KALAMAZOO, Mich. (WOOD) — You might think of medieval times when you hear the words ‘blacksmith’ or ‘smithing,’ but there are still some people who know the trade and want to share it with others.
Combat Ready Art, a forge in Kalamazoo, offers lessons for people interested in learning to become a blacksmith or improve their craft. Artwork fills the business, with skulls covering the walls and paintings on the anvils. The unique space and passion of the staff could have been what drew the television show “Forged in Fire” to find it.
“We thought it was a scam. It was like, they’re contacting us? Really? We better check because this is probably a scam,” Jon Reeves, the owner of Combat Ready Art, said.
Reeves has been a blacksmith for more than 40 years. He was shocked when “Forged in Fire” producers reached out to him and wanted to shoot an episode at his business. He was even happier when he learned the competitors would be his students.
Breanna Lanier is from Portage, and she has been smithing for almost a year. When Reeves reached out to her asking if she wanted to compete on the show, she was surprised.
“I was like, oh really? You want me to do this?” Lanier said.
She was joined by Blake Maddow, who currently lives in Battle Creek and has been smithing for two years.

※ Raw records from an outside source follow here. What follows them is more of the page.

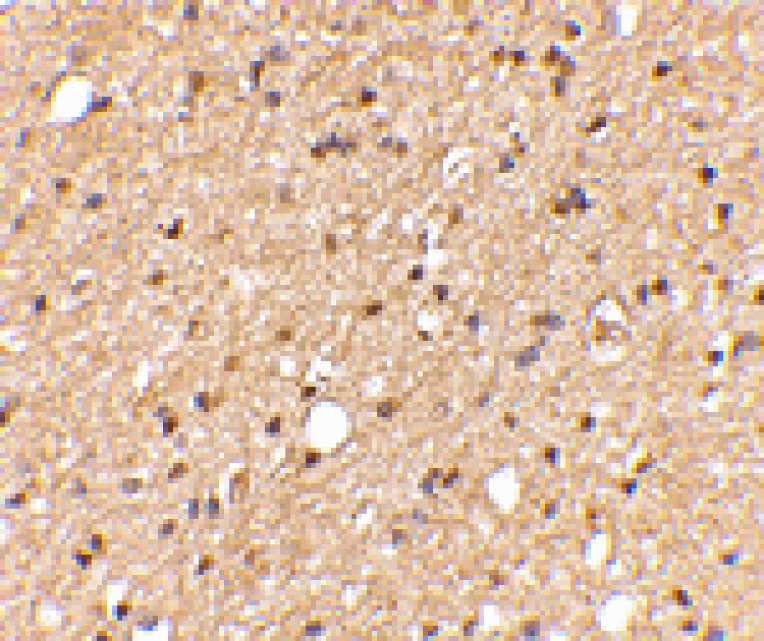 Immunohistochemistry - LGI2 Antibody from Signalway Antibody (24655) - Antibodies.com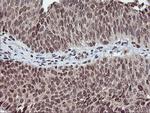 TPSG1 Antibody in Immunohistochemistry (Paraffin) (IHC (P))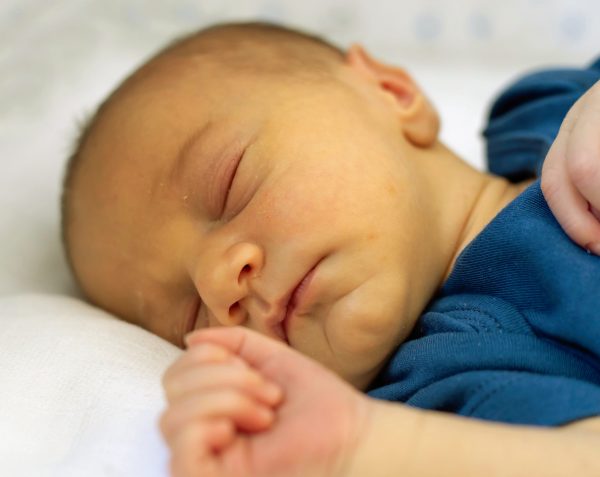 Ictericia en bebés | Causas y cuidados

“I’ve watched the show for years and then, you know, they asked me if I have any interest in being on it and competing,” Maddox said. “I just, I really couldn’t believe it.”
They described their time on the show as chaotic and stressful, but it helped them both learn how to keep calm under pressure and what they need to work on in the future.

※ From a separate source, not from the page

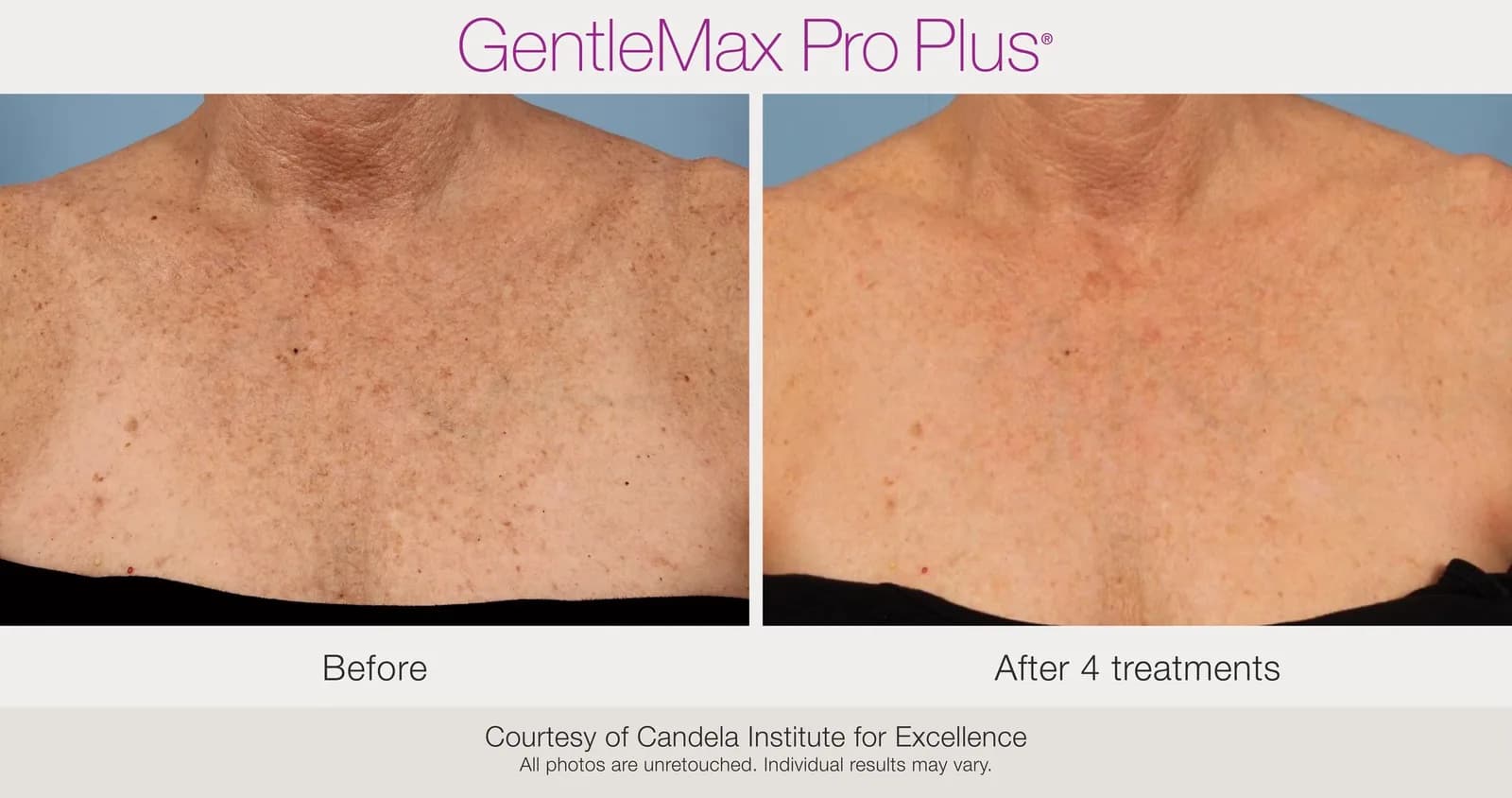 Candela GentleMax Pro Plus® : résultat avant et après, cas 19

“At one point, I think I looked up and it was like 115 (degrees) in here when we were competing, so that was pretty crazy,” Maddox said.
“Patience is definitely key to keep cool under pressure, because when you don’t, that’s when things go wrong and they can go wrong very quickly,” Lanier said.
Reeves said it was hard sitting on the sidelines as he watched his students work, but he was proud to see their progress and for them to have the spotlight. He hopes this experience will show off his students, the forge and inspire others to give smithing a try.
“We’re still here and we’re still viable,” Reeves said. “Blacksmithing is an art that really can only be taught by doing.”
The episode featuring Maddox, Lanier and another student will air on the History Channel on Oct. 18.